Jay Kang on baseball’s whiteness problem:
“The Griffey showdown was one in a long line of coded racial arguments, minor battles between two types: the ‘standard’ white player and his nonwhite foil. The archetype of the white baseball player has always been a study in negative space. He does not flip his bat after home runs. He does not insult the hard-working fans with talk about politics. He never takes more than one day at a time. As a result, he cannot exist without a foil to embody all those ‘flashy’ or ‘hotheaded’ or ‘provocative’ things he is not. The foils, of course, have generally been black. But as the demographics of the sport have changed, so, too, has this dynamic.

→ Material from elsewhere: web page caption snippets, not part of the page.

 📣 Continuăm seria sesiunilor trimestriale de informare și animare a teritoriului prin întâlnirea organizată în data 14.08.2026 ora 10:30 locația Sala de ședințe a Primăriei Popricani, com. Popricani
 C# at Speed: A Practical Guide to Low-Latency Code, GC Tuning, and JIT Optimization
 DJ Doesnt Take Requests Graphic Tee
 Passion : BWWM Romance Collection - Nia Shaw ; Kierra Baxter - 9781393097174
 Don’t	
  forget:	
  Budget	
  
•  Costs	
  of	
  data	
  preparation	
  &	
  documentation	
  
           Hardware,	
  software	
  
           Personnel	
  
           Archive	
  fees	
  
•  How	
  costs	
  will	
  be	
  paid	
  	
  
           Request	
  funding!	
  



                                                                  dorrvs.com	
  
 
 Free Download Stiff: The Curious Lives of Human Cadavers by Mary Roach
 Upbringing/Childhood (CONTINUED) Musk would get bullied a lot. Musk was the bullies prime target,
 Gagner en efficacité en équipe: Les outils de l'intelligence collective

Last year, black players made up just over 8 percent of big-league rosters, down more than 50 percent from 1981. Analysts have been searching for an explanation. Some argue that baseball’s retrograde culture and traditions no longer appeal to inner-city youth who have been mesmerized by the speed of basketball and football. Others focus, far more convincingly, on the rising expenses of youth baseball programs and the relative dearth of scholarships offered by college baseball programs: According to a report from the Institute for Diversity and Ethics in Sport, black players made up only 2.9 percent of Division I college baseball teams in 2014-2015.”
Kang mentions Chris Rock, who made a really interesting short video about the sport’s declining popularity with blacks, and why that’s a problem for both baseball and America.
The sooner the “unspoken rules” die off the better. And it might be too late.